EXERCISE REQUIREMENTS:
The result should be all the records, exact and complete, without a single picture.

** DATA UNDER STUDY follows **

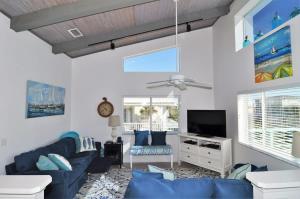 un salon avec un canapé bleu et une télévision dans l'établissement Ocean View Beach House Historic Downtown 10 mins, à Saint Augustine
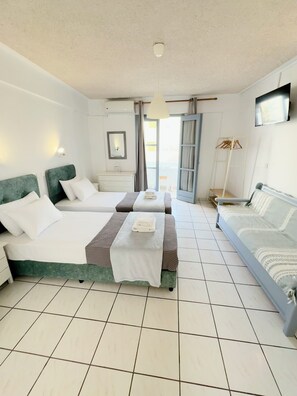 A hotel room with two beds, a TV, a wardrobe, and a balcony. - Zacharakis Studios (Santorini)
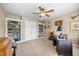 A bright office features built-in bookshelves, neutral walls, and a ceiling fan at 4229 Cats Paw Ct, Wake Forest, NC 27587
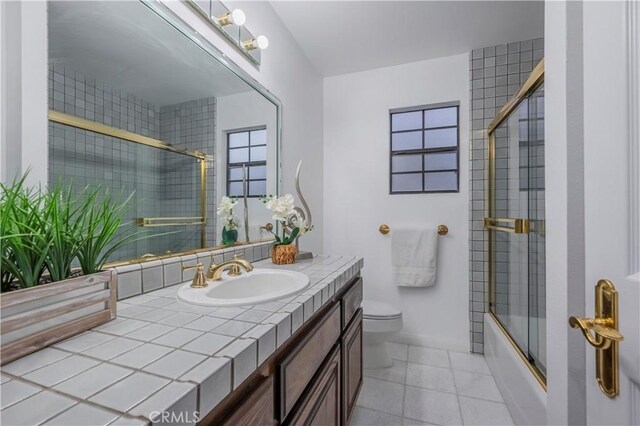 full bathroom with toilet, combined bath / shower with glass door, vanity, baseboards, and tile patterned floors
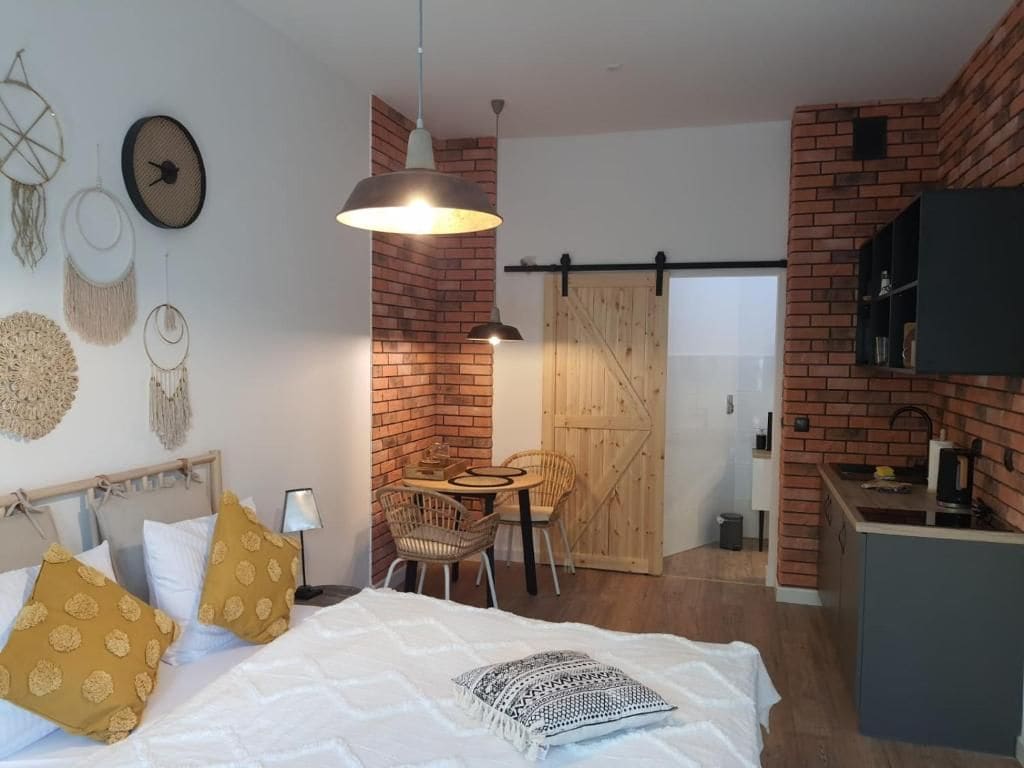 A room with a bed, a dining table, chairs, a hanging light fixture, a sliding barn door, and a kitchen area.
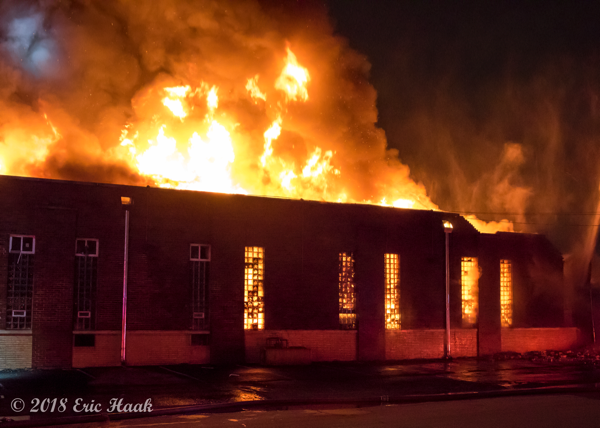 massive flames engulf warehouse at night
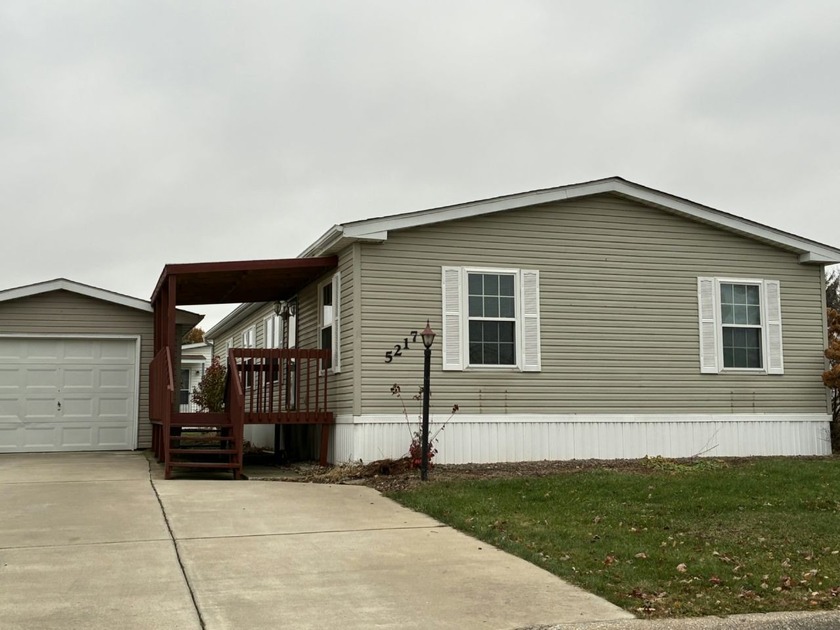 This beautifully maintained home offers 1,680 square feet of - Beach Home for sale in Portage, Indiana on Beachhouse.com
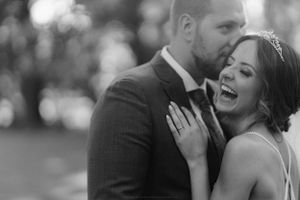 A black and white wedding photo capturing a joyful intimate moment between newlyweds.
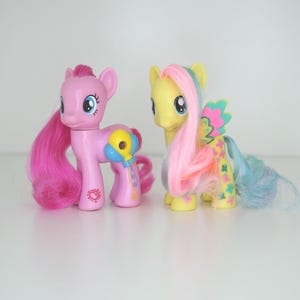 May include: Two My Little Pony toys, one pink with a blue balloon and the other yellow with a rainbow mane and wings.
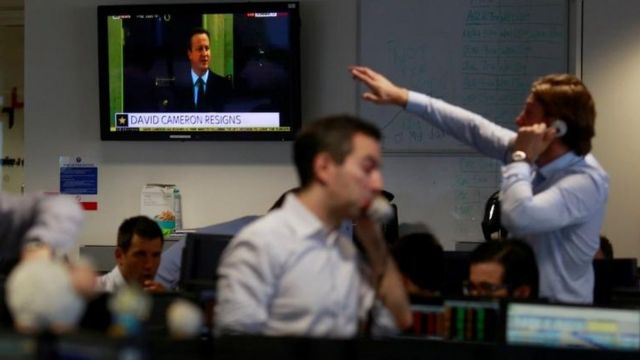 Operadores de mercado trabalham no centro de Londres enquanto David Cameron anuncia que deixará cargo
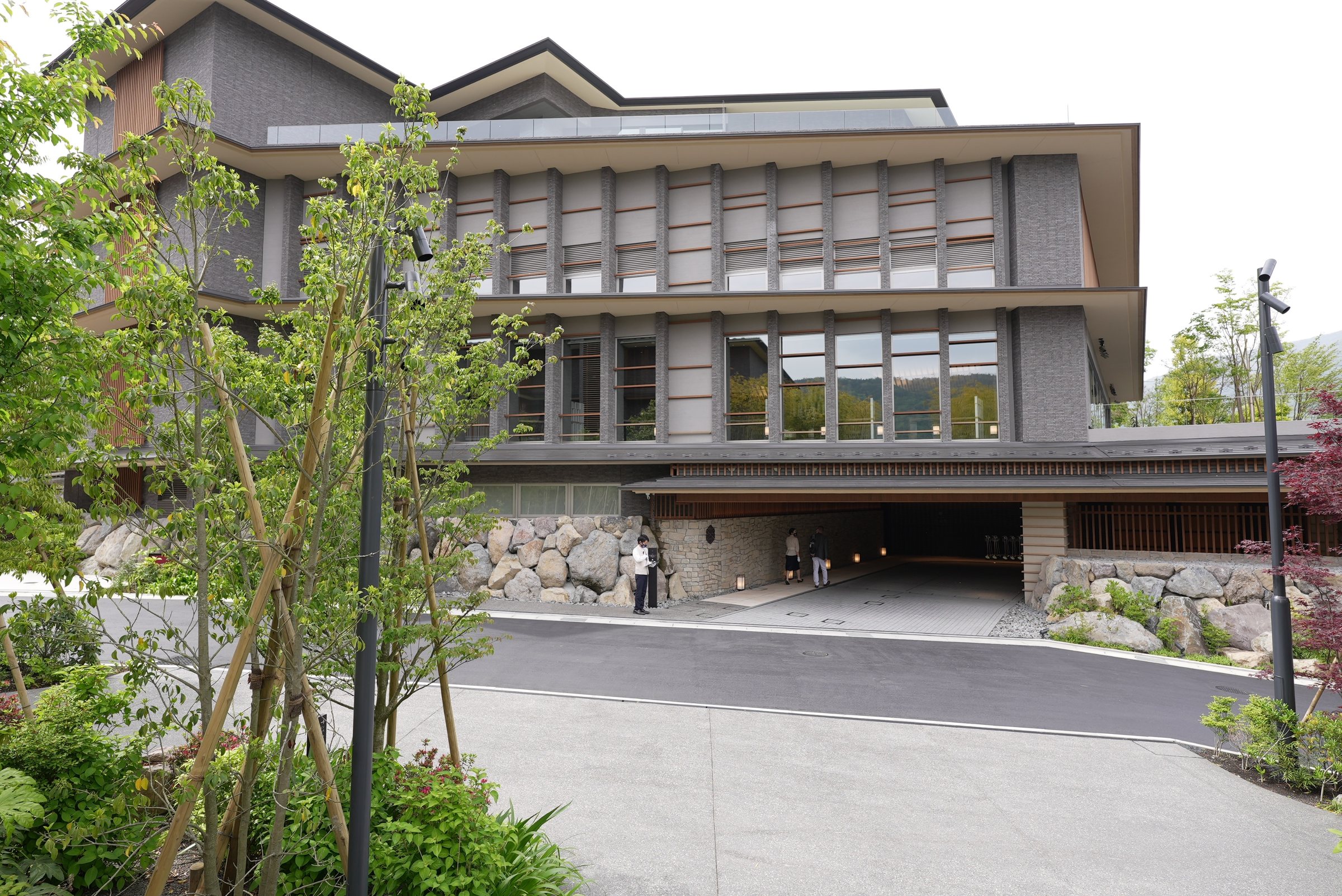 The forecourt: a low, layered building framed by young trees and mountain green.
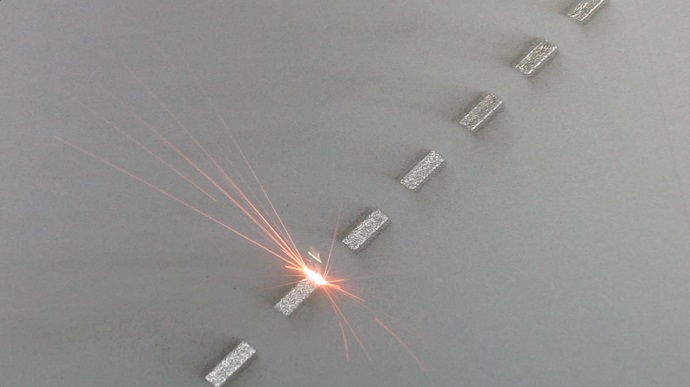 Direct metal laser melting machine in action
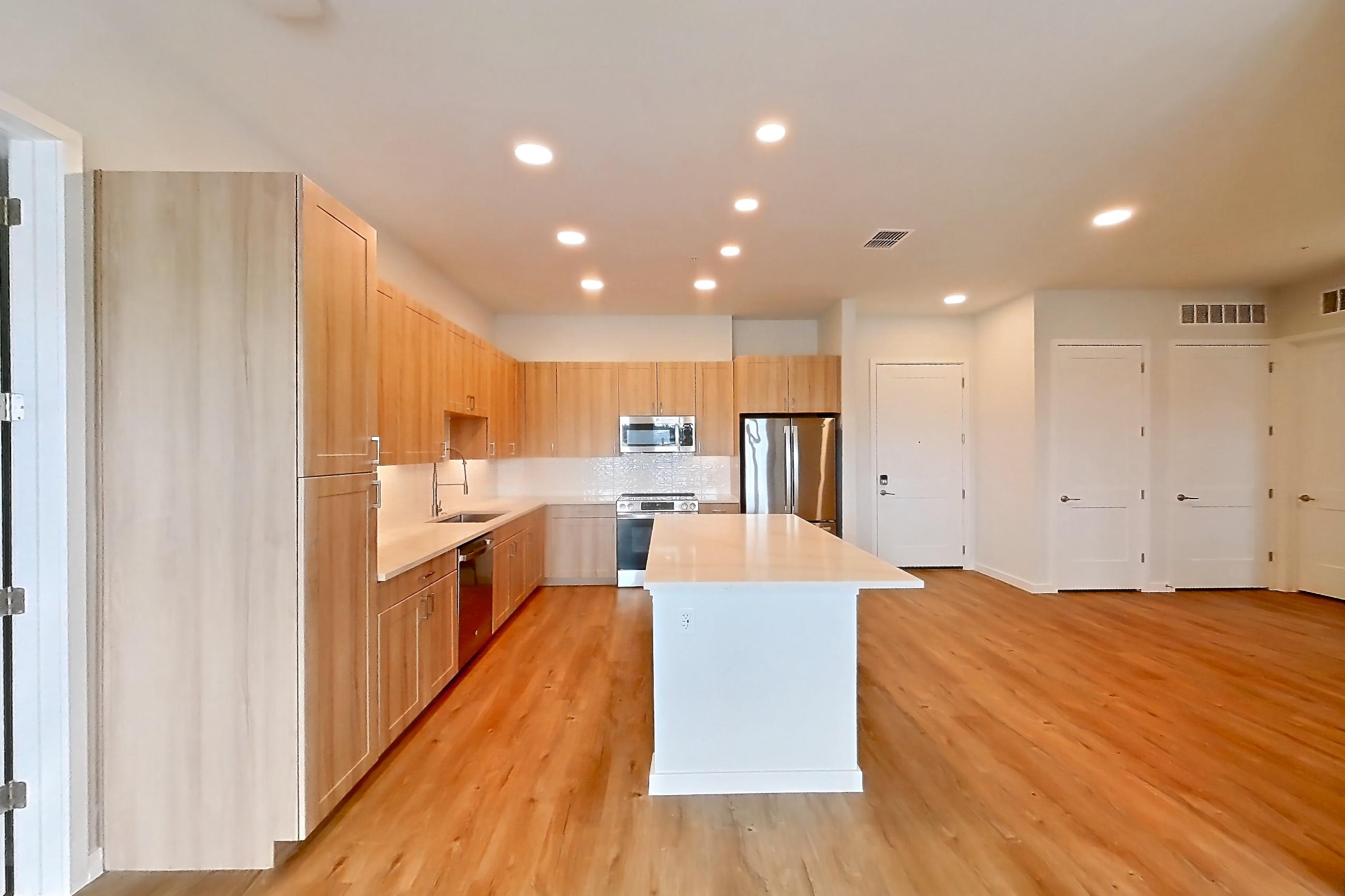 Living space with dishwasher, light countertops, light wood-finish flooring, oven/range, refrigerator, and stainless steel appliances, Apartment 466 at Lantower Bayside
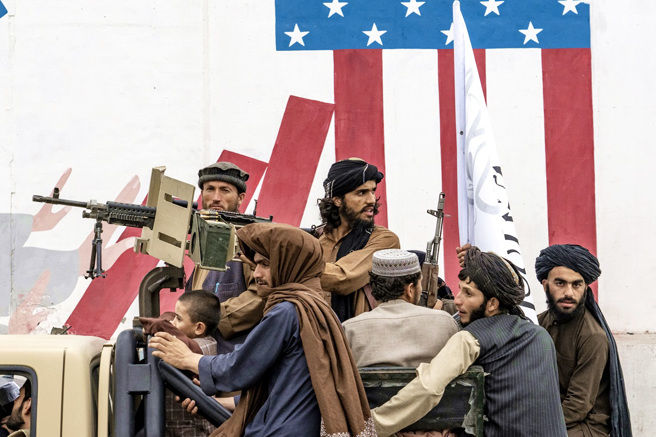 美军与盟军撤离阿富汗即将届满1周年，仍有许多过去为西方政府、公司工作的阿富汗人困在当地，当中有人坦言后悔为西方工作，现在的生活比坐牢还惨。图为塔利班战士在美国大使馆前庆祝重夺政权1周年。（图／美联社）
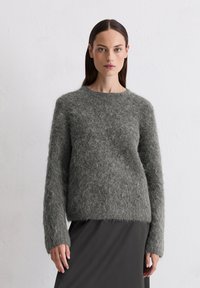 Donkergrijze, fluffy gebreide trui met een ronde hals en lange mouwen, gedragen over een zwarte rok, met een zachte textuur.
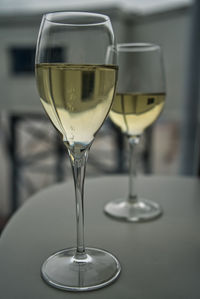 Close-up of wine in glass on table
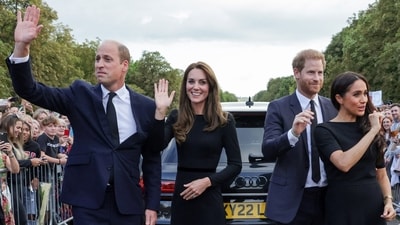 Meghan Markle might be preventing Harry from proposing a “olive branch” to the Prince and Princess of Wales, despite Kate's cancer diagnosis, according to Royal author Tom Quinn. (AFP) Meghan Markle might be preventing Harry from proposing a “olive branch” to the Prince and Princess of Wales, despite Kate's cancer diagnosis, according to Royal author Tom Quinn. (AFP)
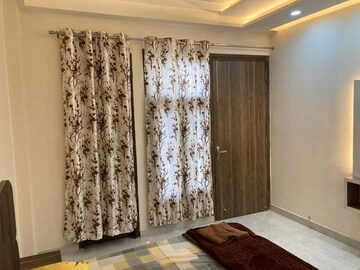 Bedroom in 3 BHK Builder Floor at Ansal Sushant Lok I, Sector 43 – for Rent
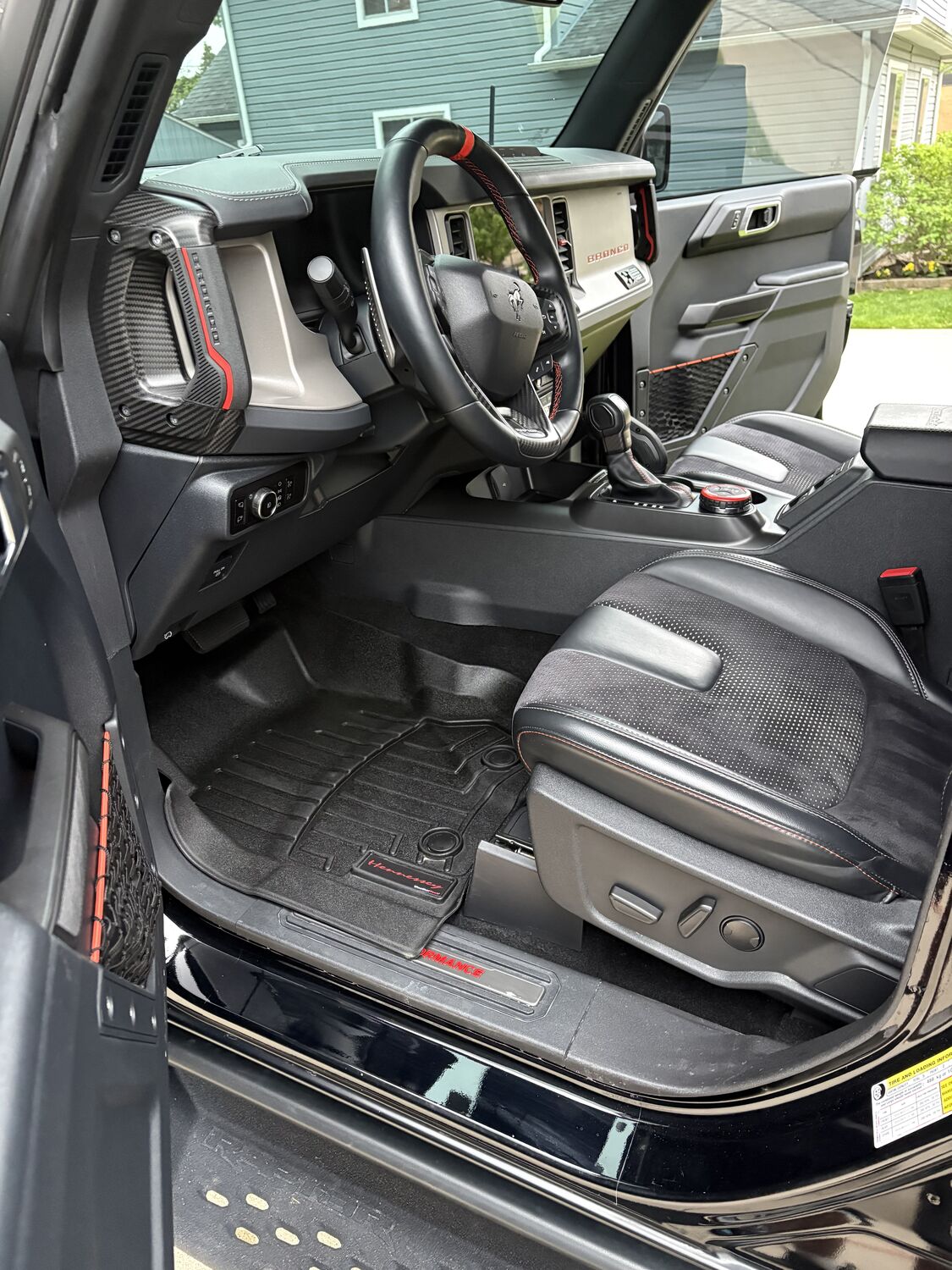 Spotless SUV interior with red leather seats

** End of DATA UNDER STUDY **

TASK SOLUTION:
 un salon avec un canapé bleu et une télévision dans l'établissement Ocean View Beach House Historic Downtown 10 mins, à Saint Augustine
 A hotel room with two beds, a TV, a wardrobe, and a balcony. - Zacharakis Studios (Santorini)
 A bright office features built-in bookshelves, neutral walls, and a ceiling fan at 4229 Cats Paw Ct, Wake Forest, NC 27587
 full bathroom with toilet, combined bath / shower with glass door, vanity, baseboards, and tile patterned floors
 A room with a bed, a dining table, chairs, a hanging light fixture, a sliding barn door, and a kitchen area.
 massive flames engulf warehouse at night
 This beautifully maintained home offers 1,680 square feet of - Beach Home for sale in Portage, Indiana on Beachhouse.com
 A black and white wedding photo capturing a joyful intimate moment between newlyweds.
 May include: Two My Little Pony toys, one pink with a blue balloon and the other yellow with a rainbow mane and wings.
 Operadores de mercado trabalham no centro de Londres enquanto David Cameron anuncia que deixará cargo
 The forecourt: a low, layered building framed by young trees and mountain green.
 Direct metal laser melting machine in action
 Living space with dishwasher, light countertops, light wood-finish flooring, oven/range, refrigerator, and stainless steel appliances, Apartment 466 at Lantower Bayside
 美军与盟军撤离阿富汗即将届满1周年，仍有许多过去为西方政府、公司工作的阿富汗人困在当地，当中有人坦言后悔为西方工作，现在的生活比坐牢还惨。图为塔利班战士在美国大使馆前庆祝重夺政权1周年。（图／美联社）
 Donkergrijze, fluffy gebreide trui met een ronde hals en lange mouwen, gedragen over een zwarte rok, met een zachte textuur.
 Close-up of wine in glass on table
 Meghan Markle might be preventing Harry from proposing a “olive branch” to the Prince and Princess of Wales, despite Kate's cancer diagnosis, according to Royal author Tom Quinn. (AFP) Meghan Markle might be preventing Harry from proposing a “olive branch” to the Prince and Princess of Wales, despite Kate's cancer diagnosis, according to Royal author Tom Quinn. (AFP)
 Bedroom in 3 BHK Builder Floor at Ansal Sushant Lok I, Sector 43 – for Rent
 Spotless SUV interior with red leather seats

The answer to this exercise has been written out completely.